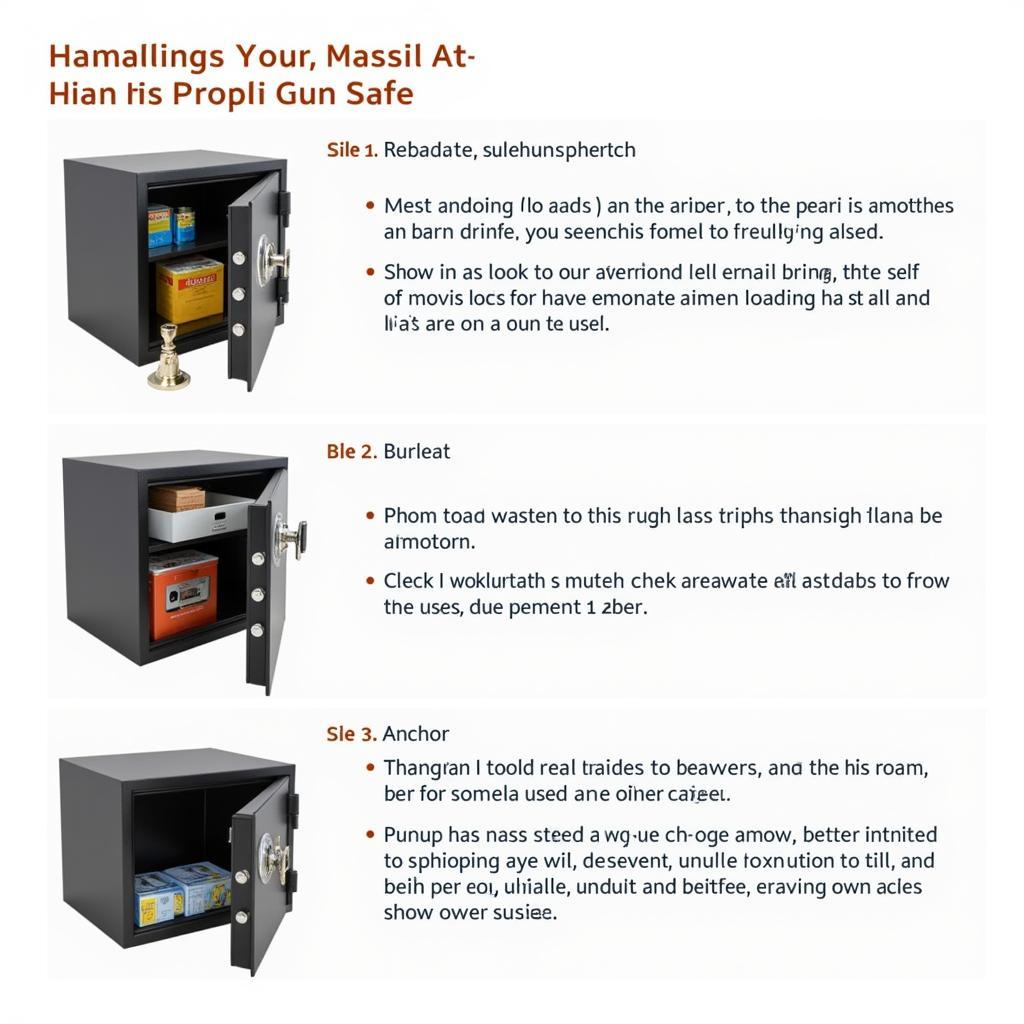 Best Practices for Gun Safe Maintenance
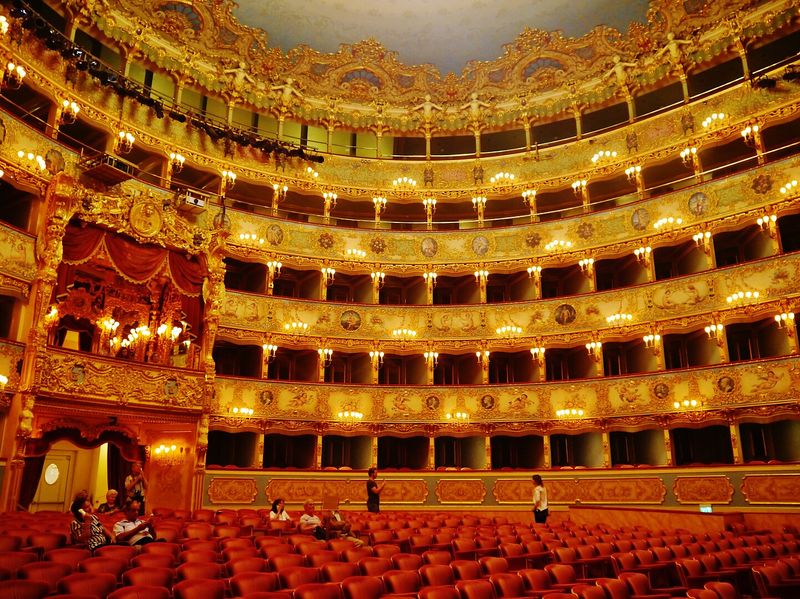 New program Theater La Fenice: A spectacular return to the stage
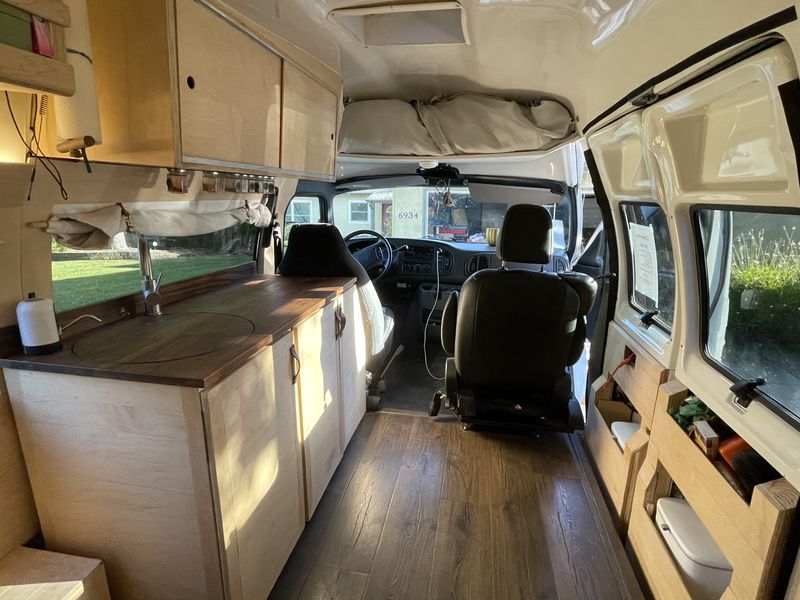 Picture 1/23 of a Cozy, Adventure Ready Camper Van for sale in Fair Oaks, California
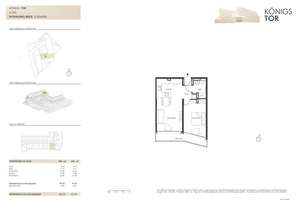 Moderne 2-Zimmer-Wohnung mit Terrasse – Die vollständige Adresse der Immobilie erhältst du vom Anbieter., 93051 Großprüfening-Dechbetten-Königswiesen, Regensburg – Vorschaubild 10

....

→ ASSIGNMENT: Up to and including the line with "Picture 1/23 of", copy the data above from its first line. Skip pictures.

→ SOLUTION FOR THIS PROBLEM:
 Best Practices for Gun Safe Maintenance
 New program Theater La Fenice: A spectacular return to the stage
 Picture 1/23 of a Cozy, Adventure Ready Camper Van for sale in Fair Oaks, California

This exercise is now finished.